Who Will Make the Run-Off?
That’s why Mr. Smirnov and Mr. Shevchuk are emerging as a superficially improbable Pridnestrovien version of a Russian-style “tandem,” with the idea of keeping Mr. Kaminsky out of a run-off with Mr. Smirnov. From the West’s point of view, a Smirnov-Shevchuk run-off would be a perfect “heads I win, tails you lose” choice to foist on the voters. Either Mr. Smirnov wins, thwarting Moscow and leaving Pridnestrovie in tatters, under a tainted and weakened leader who can be bullied by Kishinev and Bucharest into eventual submission. Or Mr. Shevchuk wins, also thwarting Moscow and leaving little choice but to accept a settlement on terms the west will dictate to him. If an “Orange” scenario does emerge in the Pridnestrovien race, it will come from western forces in support of Mr. Shevchuk, or not at all. Look for the telltale CANVAS fist.

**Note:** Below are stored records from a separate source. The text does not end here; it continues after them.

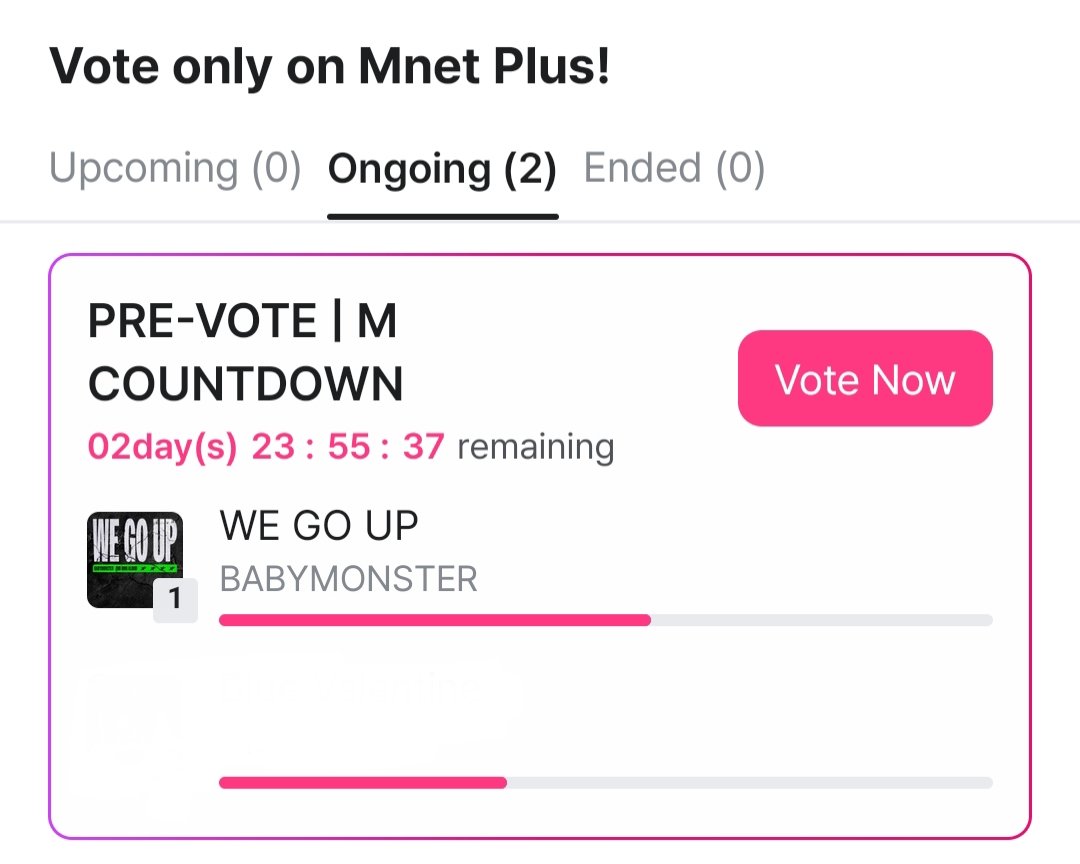 BABYMONSTERVT's tweet photo. [📢] M COUNTDOWN PRE-VOTE STARTS NOW

Monstiez! #BABYMONSTER has a chance to win on MCD next week (October 23)! 🏆 To make it happen, we need to win the pre-vote. Vote “We Go Up” now on Mnet Plus! 🔥💖

🗳️ 5 votes per account, per device, per day
👉 https://t.co/u1Capgd4IM
🗓 Voting Period: Oct 18, 12AM – Oct 20, 11:59PM (KST)
🗓 Tracking Period: Oct 13, 12AM – Oct 19, 11:59PM (KST)

Keep streaming We Go Up on all music platforms (MelOn, Spotify, Apple Music, etc.) and stream the music video on YouTube!

 #베이비몬스터 @YGBABYMONSTER_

But western-oriented CANVAS-niki wouldn’t have the same opportunity in the event of a Smirnov-Kaminsky match-up, which would be a real contest between Moscow’s former but now alienated and unviable client and the current one who can count on solid support. For Pridnestrovien voters, that would be a no-brainer.
Pridnestrovien Referendum No Benefit to Ukraine
Mr. Smirnov’s attempt to throw a curve into the mix by raising the question of a referendum to join Ukraine is perhaps a further validation of Moscow’s reasons for dumping him. Certainly there is historical basis for Pridnestrovie’s gravitation towards Ukraine (the Moldavian Autonomous Soviet Socialist Republic, 1924-1940), not to mention demography. But any move in that direction at the present time, however unlikely, would simply perpetuate Mr. Smirnov’s profitable control of his personal fiefdom in an autonomous region remaining under his tight control. How that helps Ukraine is unclear.

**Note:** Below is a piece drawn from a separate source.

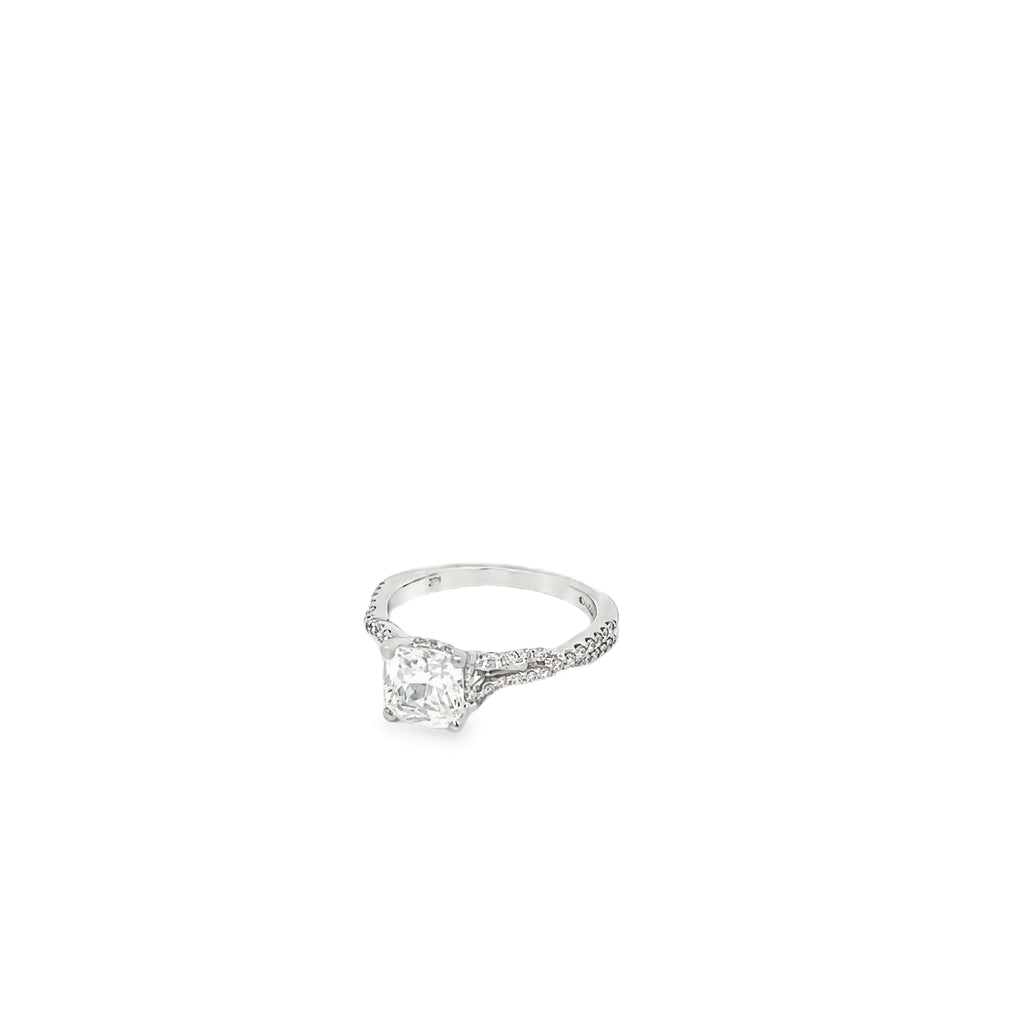 14K White Gold Twist with a Hidden Halo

In any case, given Kiev’s relative passivity and unwillingness to engage meaningfully on Tiraspol’s behalf in the “5+2” context, Pridnestrovie would exchange Russia for Ukraine as its patron at its peril. While western governments scoff at Pridnestrovie’s claims to statehood, as they do those of South Ossetia, Abkhazia, and Nagorno-Karabakh, there is at least a legal argument for such assertions under the Soviet Constitution and relevant Soviet law (notably the April 3, 1990, law on secession, Register of the Congress of the People’s Deputies of USSR and Supreme Soviet of USSR, issue No. 13, p. 252), as well as international law and practice. (This contrasts sharply with the recognition of the putative independence of the Serbian province of Kosovo and Metohija, a claim which has exactly zero legal basis and is simply an exercise of naked aggression by the same western governments.)
Nonetheless, everyone is aware that Pridnestrovie’s joining Ukraine without a negotiated solution to its status would open a new Pandora’s Box in the post-Soviet space, with incalculable consequences – not least for Ukraine’s own autonomous republic of Crimea. It’s another headache Ukraine doesn’t need.